### What to produce:
Could you transcribe every record below exactly as written, excluding the pictures?
^^^^^^^^^^^^^^^^
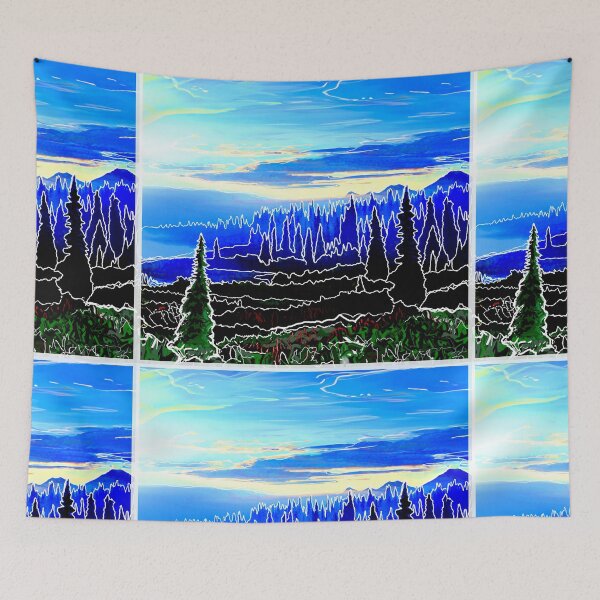 Item preview, Batik style mountain landscape evergreen trees art design designed and sold by AuroraXGreen.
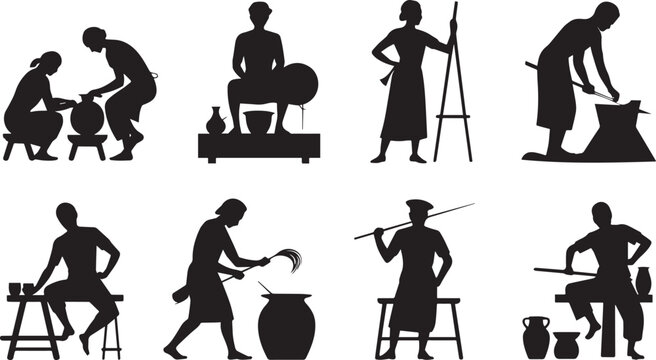 South asian traditional artisans working pottery silhouettes pottery making craftsmen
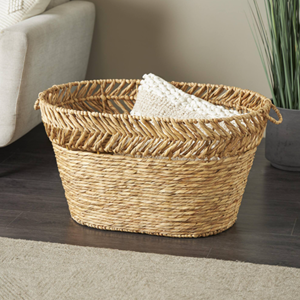 Convenient Water Hyacinth <b>Storage</b> <b>Basket</b>, Hand Woven <b>Storage</b> Hamper With Handle Premium Handcrafted Home Decor From Vietnam - Product Image 6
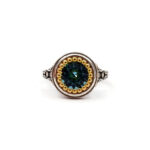 Byzantine Ring Aquamarine Crystal Stone - 925 Sterling Silver Gold Plated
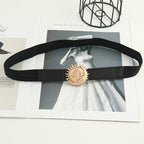 JuliaFashion-Cinch Waist Strap Sweater Dress Decorative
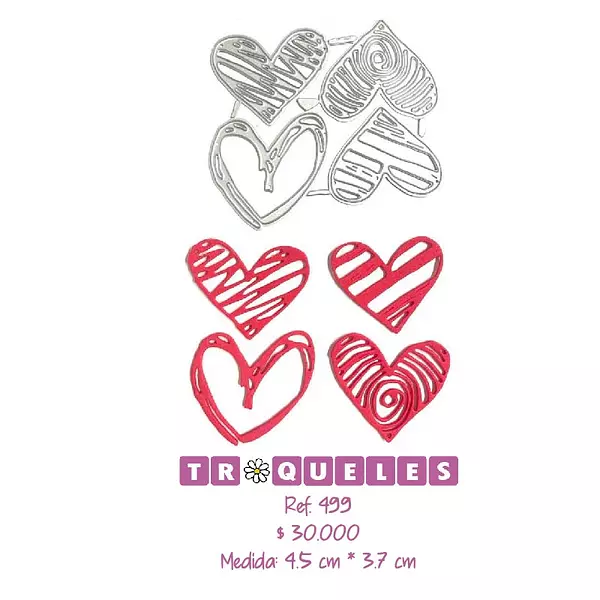 T0499 Troquel Corazones * 4 Pz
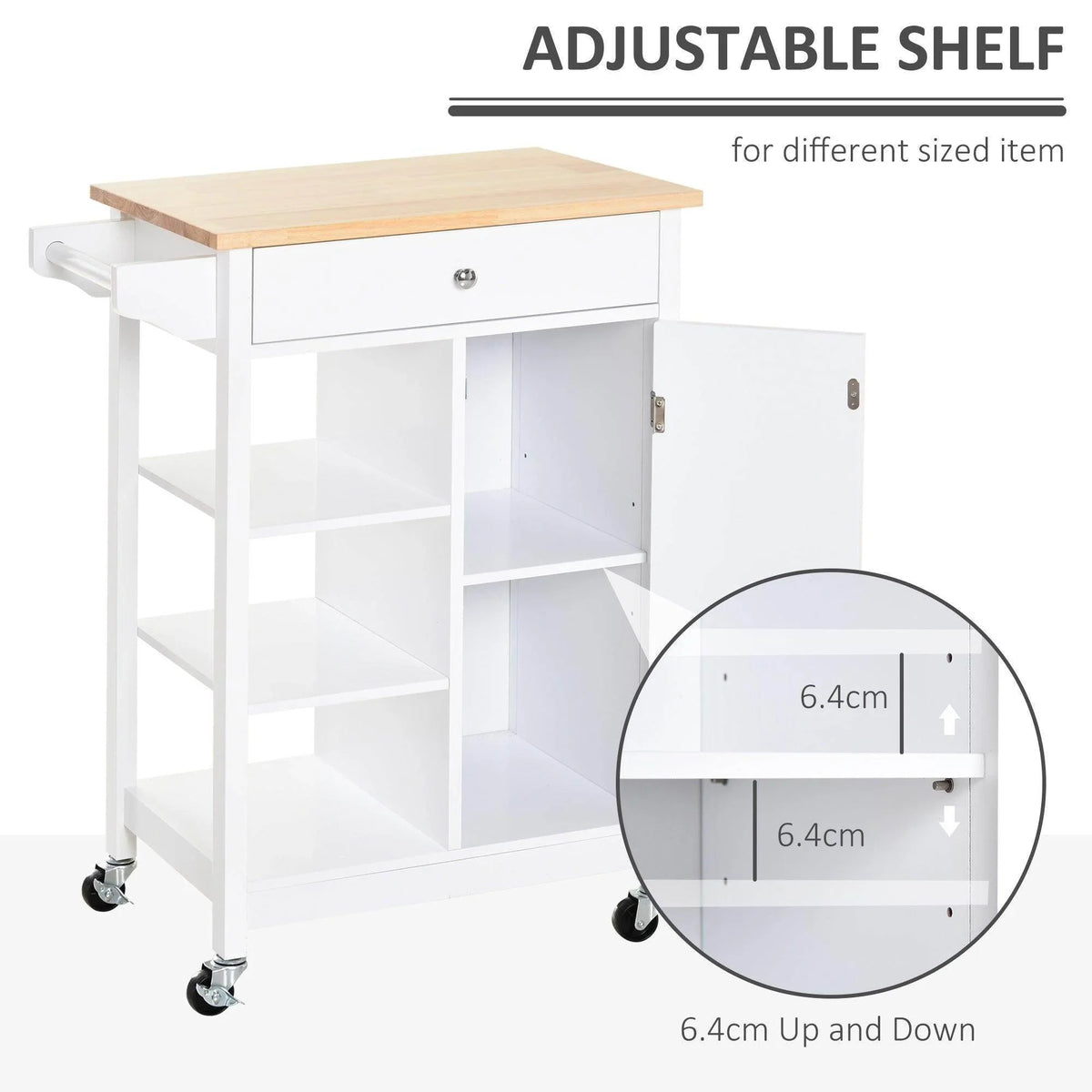 White kitchen trolley cabinet with adjustable shelves, light wood top, and cabinet doors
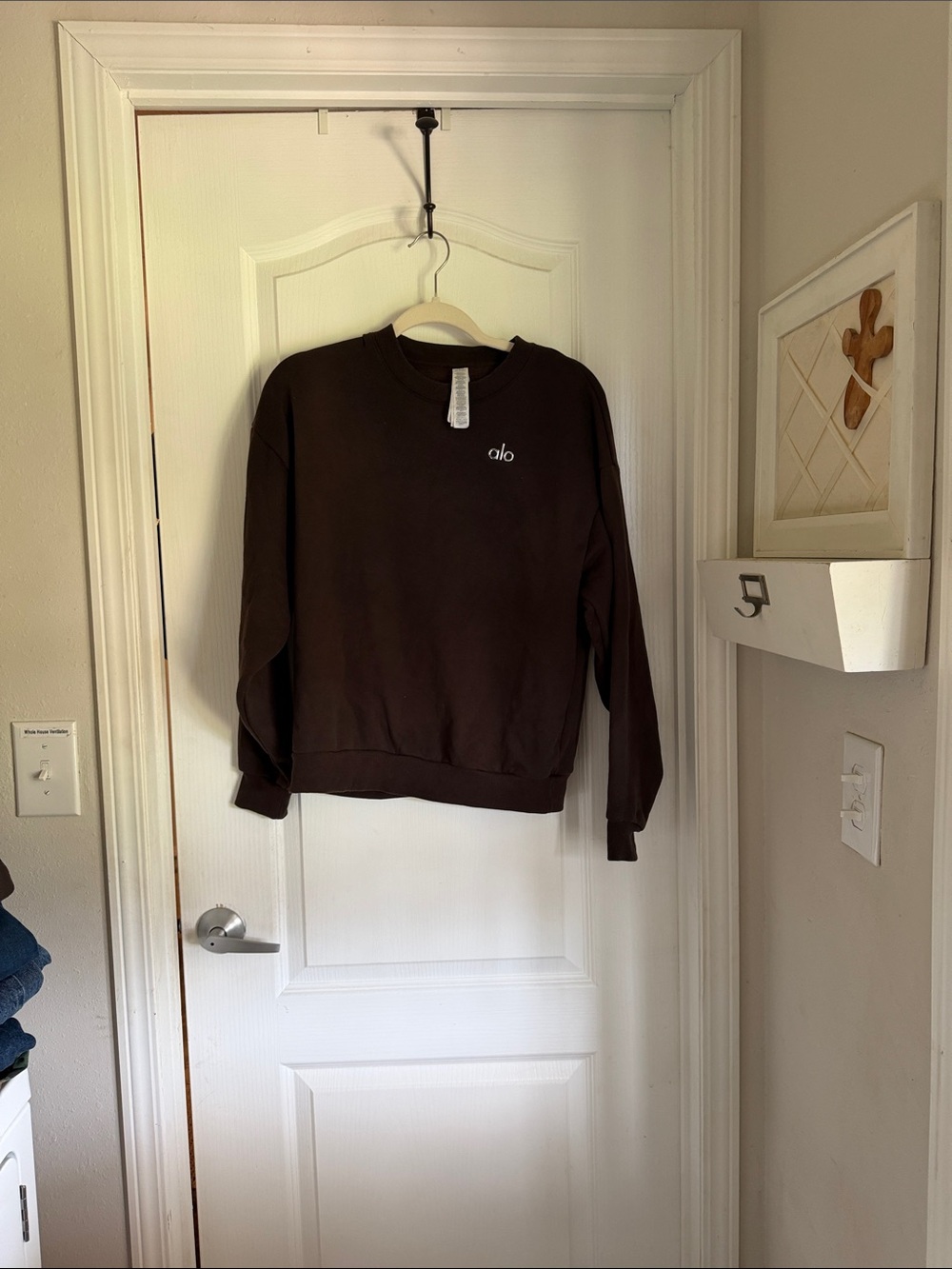 ALO Yoga Chocolate Brown Logo Sweatshirt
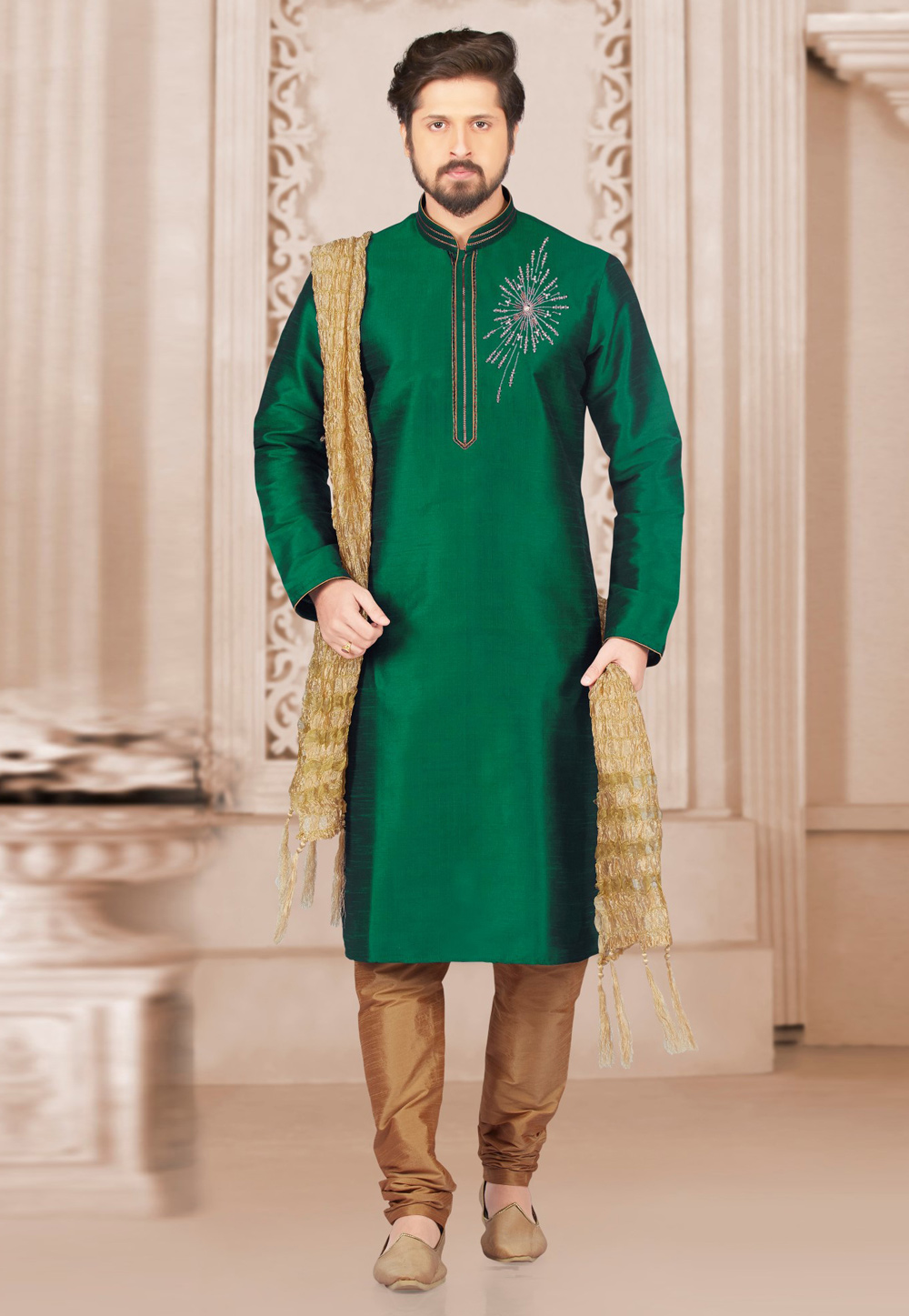 Green Dupion Silk Kurta Pajama 311873
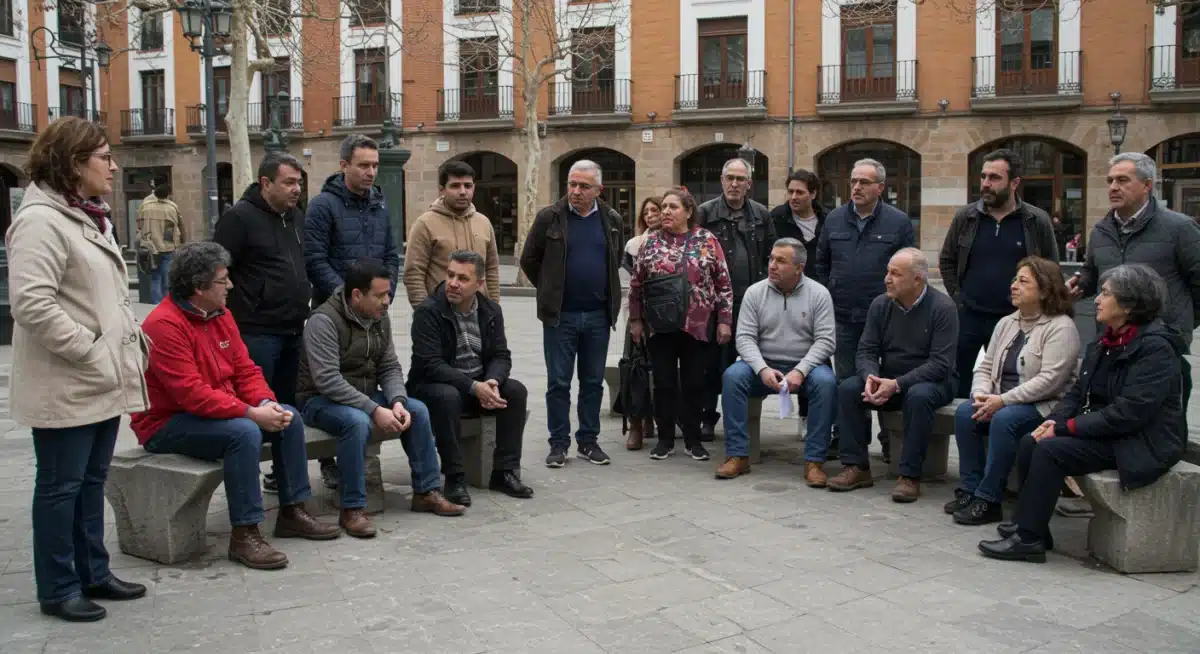 Diálogo comunitario en una plaza española, facilitado por un periodista, fomentando la participación ciudadana.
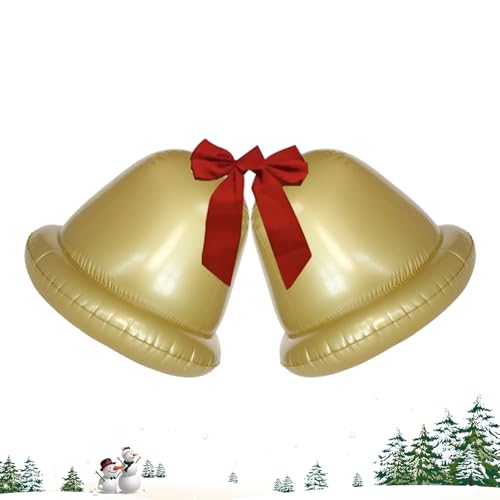 ycezw Weihnachtsschmuck Aufblasbare Kugeln,Outdoor Jingle Bells PVC Weihnachtsschmuck - 2er-Pack Festliche Feiertagsdekoration Für Rasen Wohnzimmer Garten Terrasse von ycezw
^^^^^^^^^^^^^^^^
### Answer for the task:
 Item preview, Batik style mountain landscape evergreen trees art design designed and sold by AuroraXGreen.
 South asian traditional artisans working pottery silhouettes pottery making craftsmen
 Convenient Water Hyacinth <b>Storage</b> <b>Basket</b>, Hand Woven <b>Storage</b> Hamper With Handle Premium Handcrafted Home Decor From Vietnam - Product Image 6
 Byzantine Ring Aquamarine Crystal Stone - 925 Sterling Silver Gold Plated
 JuliaFashion-Cinch Waist Strap Sweater Dress Decorative
 T0499 Troquel Corazones * 4 Pz
 White kitchen trolley cabinet with adjustable shelves, light wood top, and cabinet doors
 ALO Yoga Chocolate Brown Logo Sweatshirt
 Green Dupion Silk Kurta Pajama 311873
 Diálogo comunitario en una plaza española, facilitado por un periodista, fomentando la participación ciudadana.
 ycezw Weihnachtsschmuck Aufblasbare Kugeln,Outdoor Jingle Bells PVC Weihnachtsschmuck - 2er-Pack Festliche Feiertagsdekoration Für Rasen Wohnzimmer Garten Terrasse von ycezw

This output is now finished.